If you'll excuse me, I'm having a Moses Moment. See, my husband (who I admire and love with all my heart, by the way) recently challenged me to go WAY outside my comfort zone. I'm talking Twilight Zone. To infinity and beyond. He said I should start a blog. I am all for bloggers. Nothing but respect for them. I just don't believe I am one. It all started with an Aha Moment that God hit me with in the garden one day (man, I love those moments), and it sort of...escalated from there. I wrote out my version of the account and e-mailed it to my husband, mainly because I felt like I needed to share it with someone, and then he gets this crazy idea that I need to share it with MORE someones. "There is somebody out there that needs to hear those words, and maybe they need to hear it in just the way you said it so it will resonate with them." Dang, he's got a point. I can't tell you how many times I've read or heard a devotion, study, or sermon that just stuck with me, and even though I had heard the message before, something about the way that person illustrated it just clicked. (Hello, can we say GOD THING??) I am currently doing a bible study that has me in the book of Exodus (go figure), and I am led back to the account of Moses. I realized that I found myself spouting out all the same arguments Moses was giving when God called him to lead the Israelites out of Egypt: 1) Who am I to write words worth listening to? I'm no one special. (Exodus 3:11 But Moses asked God, "Who am I that I should go to Pharaoh and that I should bring the Israelites out of Egypt?")
2) What if no one reads it, or they DO read it and say it's no good? (Exodus 4:1 Moses answered, "What if they won't believe me and will not obey me but say, 'The Lord did not appear to you'?")
3) But I don't write nearly as well as the fifty million other bloggers out there who are PROFESSIONALS! (Exodus 4:10 But Moses replied to the Lord, "Please Lord, I have never been eloquent...because my mouth and tongue are sluggish.") Wow. Um....it seems when it comes to my adamant resistance to do God's work, well,....He's heard it all before. So now I'm led to reflect on God's answers to Moses' excuses (because at this point, I'm reluctantly admitting that's all they are): 1) Who am I to write words worth listening to? I'm no one special. (Exodus 3:12 He (GOD) answered, "I will certainly be with you...")
2) What if no one reads it, or they DO read it and say it's no good? (God performs signs through Moses.

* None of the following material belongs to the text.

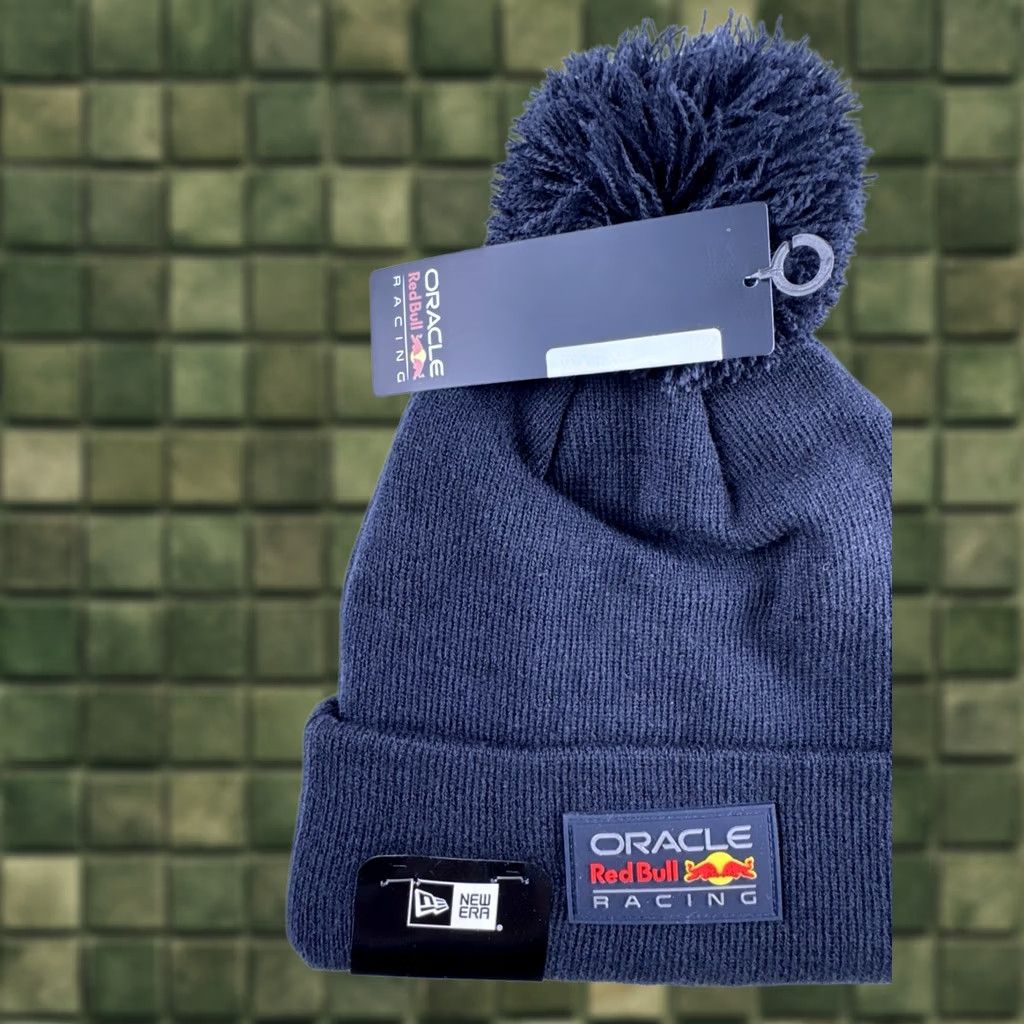 New Era Red Bull Racing F1 New Era Pom Beanie Hat Navy NWT Oracle Size ONE SIZE - 1 Thumbnail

Exodus 4:5 "This will take place," He continued, "so that they will believe that the Lord, the God of their fathers, the God of Abraham, the God of Isaac, and the God of Jacob, has appeared to you.") 3) But I don't write nearly as well as the fifty million other bloggers out there who are PROFESSIONALS! (Exodus 4:11-12 The Lord said to him, "Who placed a mouth on humans? Who makes a person mute or deaf, seeing or blind? is it not I, the Lord? Now go! I will help you speak and I will teach you what to say.") Well, folks, I can't argue with that! I love that in every instance, no matter what excuse Moses would throw God's way, God would hit it right out of the park with an assurance that He will be there. "I will be with you." "I have appeared to you." "I will help you." It seems like if I abandon what I can or can't do, and what others will say about my performance, and let God call the shots, that will give Him the room He needs to use me to help someone else. Wow. That's big! So, here I am, stepping WAY out of my comfort zone, becoming a somewhat reluctant blogger, in the hopes that God will use this hot mess for HIS glory. Maybe God's word in the form of my ramblings will help someone through a tough day or circumstance down the line. Maybe help someone remember that God loves them, that He is Emmanuel, God With Us, and that hey girl, you're not alone, we are all just hot messes together! And even if I have a readership of just one (sheesh, I hope it's my husband!), I can rest in the peace of knowing that I'm chugging my little engine up the hill, meager though it may be, just trying to be who God wants me to be. I like to think He's happy that I'm trying. And that'll be good enough for me.